PROCEDURE FOR TESTING AND ASSAYING SNAP MARKERS[Testing of SNAP primer sets] [Assaying SNAP markers]
Testing of SNAP Primer Sets
We determined experimentally that primers that show specificity in two sets of PCR reactions that differ by 10 PCR cycles are specific over a 1,000-fold range of template DNA concentration. Therefore, primer specificity is tested by running two identical sets of PCR reactions per primer pair, in which the PCR reactions differ only in the number of cycles used during the amplification process. Primer pairs displaying presence of a PCR product on agarose gels for the specific allele and the absence of a PCR product for the non-specific allele in both sets of PCR reactions are suitable for use as molecular markers. For further details see Drenkard et al. (2000). Plant Physiology 124: 1483-1492.
Materials and Reagents
Materials and Reagents
Plant DNA micro-prep
- Extraction buffer: 200 mM Tris-Cl pH 7.5, 250 mM NaCl, 25 mM EDTA, 0.5% SDS.
- TE: 10 mM Tris, 1.0 mM EDTA pH 8.0
- 70% ethanol
- Vortex mixer
- Polypropylene pestles (Kontes pellet pestle, available from Fisher Scientific)
- 1.5 ml microcentrifuge tubes
- Genomic DNA samples
- 2.5 mM dNTPs: 2.5 mM dATP, 2.5 mM dCTP, 2.5 mM dGTP, 2.5 mM dTTP
- Forward and reverse primers (60 ng/µl each) for both alleles
- AmpliTaq Gold DNA polymerase (Perkin Elmer, Branchburg, NJ) - AmpliTaq Gold DNA polymerase 10X buffer
- Thermal cycler
- Tubes or 96-well plates that fit the thermal cycler
Micro-Preparation of Plant Genomic DNA
(Modified by Charles Gasser's lab from Edwards et al.,1991. Nucleic Acids Research 19: 1349).

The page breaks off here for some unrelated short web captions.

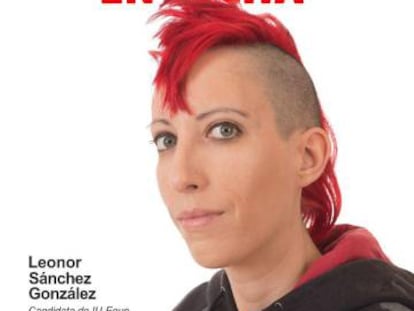 Cartel electoral de Leonor Sánchez, candidata de IU Equo al Ayuntamiento de Ávila.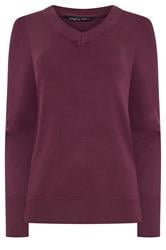 M&Co Berry Purple Long Sleeve V-Neck Jumper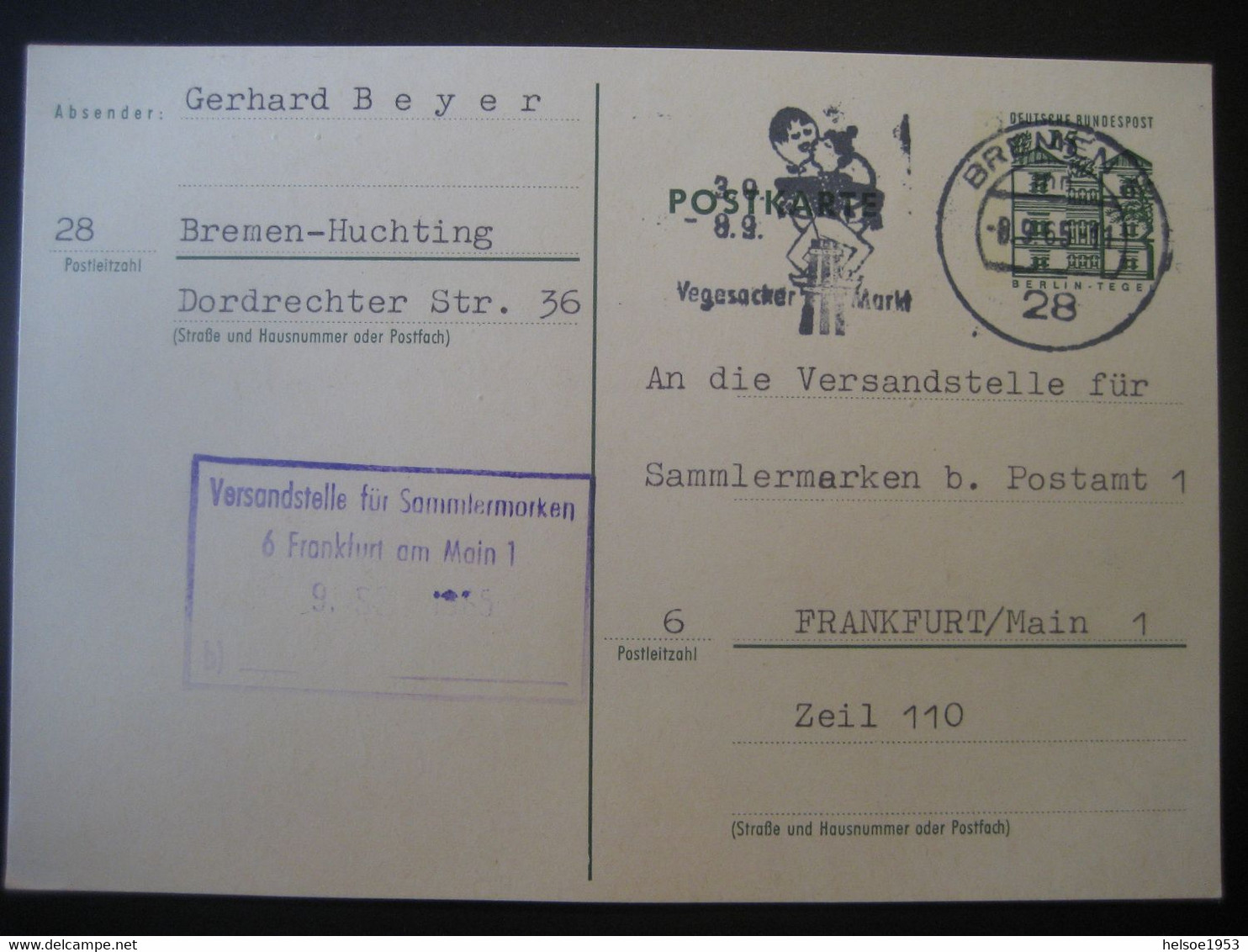 Deutschland BRD Ganzsache 1965- Postkarte Von Bremen Nach Frankfurt - Postkarten - Gebraucht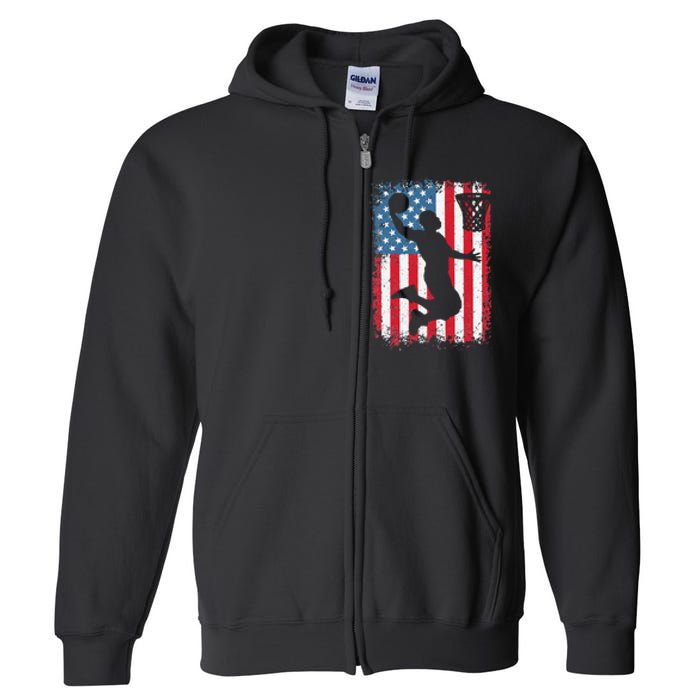 American Flag Basketball Funny Sports Player Full Zip Hoodie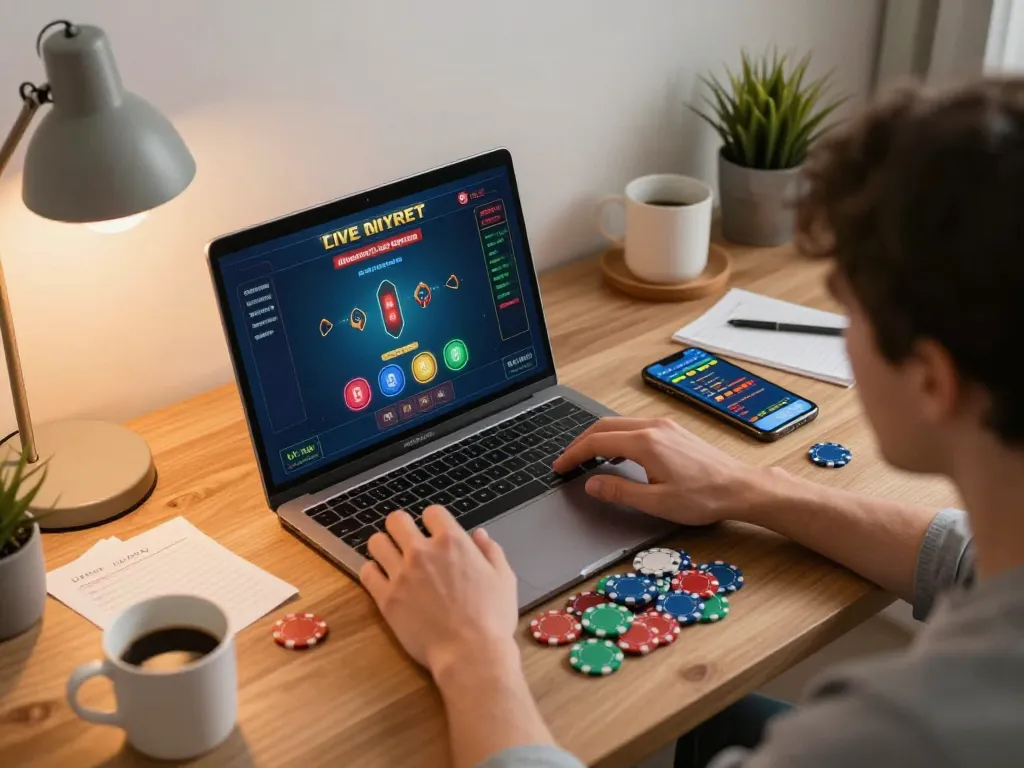 Engaging in online gaming with nk88 on a laptop, showcasing live dealer excitement and a cozy setup.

1. Place 400 µl of extraction buffer into a microcentrifuge tube and shut the cap of the tube on a leaf to clip out a section of tissue.
The amount of tissue used is approximately 0.007 grams. Rosette leaves are optimal but cauline leaves also work. Wear gloves and minimize handling.
2. Grind the tissue using disposable polypropylene pestles that fit exactly into 1.5 microcentrifuge tubes. Grind the tissue until is well mashed and a significant amount of chlorophyll has been released into the buffer.
The use of a drill-like variable speed motor allows processing of up to 100 samples in a day by one person. Pestles can be soaked in 0.5 M HCl, rinsed with water, autoclaved and re-used.
3. Spin 5 min. in a microcentrifuge at 14,000 rpm.
4. Transfer 300 µl of supernatant to a fresh tube avoiding plant tissue carry over, and precipitate nucleic acids by adding 300 µl of isopropanol. Vortex briefly.
5. Spin 5 min. in microcentrifuge at 14,000 rpm and discard supernatant. Rinse the DNA pellet with 1 ml of 70% ethanol.
6. Carefully remove the supernatant and briefly air-dry the final pellet. Resuspend it in 100 µl of TE buffer.
1. For each primer pair to be tested mix the following reagents in a microcentrifuge tube:
1.0 µl 2.5 mM dNTPs
1.0 µl 60 ng/µl forward primer
1.0 µl 60 ng/µl reverse primer
2.0 µl 10X AmpliTaq Gold DNA polymerase buffer
0.2 µl (1 unit) AmpliTaq Gold DNA polymerase
13.8 µl water
2. Dispense 18 µl aliquots into microcentrifuge tubes or 96-well plates to be used for amplification reaction. To each tube add 2µl of DNA samples prepared by the method described above.
3. Insert the tubes/plates into a thermal cycler, and amplify using the following cycle: 5 min. at 94oC, (30 sec. at 94oC, 1 min. at 62oC) 35 times, finally 10 min. at 72oC. If available, set ramp speeds at 2o/s to 94oC and 1.4o/s to 62oC.
When using SNAP markers for mapping, the number of cycles used for the PCR reaction is very important at guaranteeing the specificity of the primers. If primer pairs were tested using 28 and 38 cycles, reactions used for mapping should be run using 35 cycles.
4. Add 2 µl of DNA loading dye. Separate the products on a 1.5 % (w/v) agarose gel.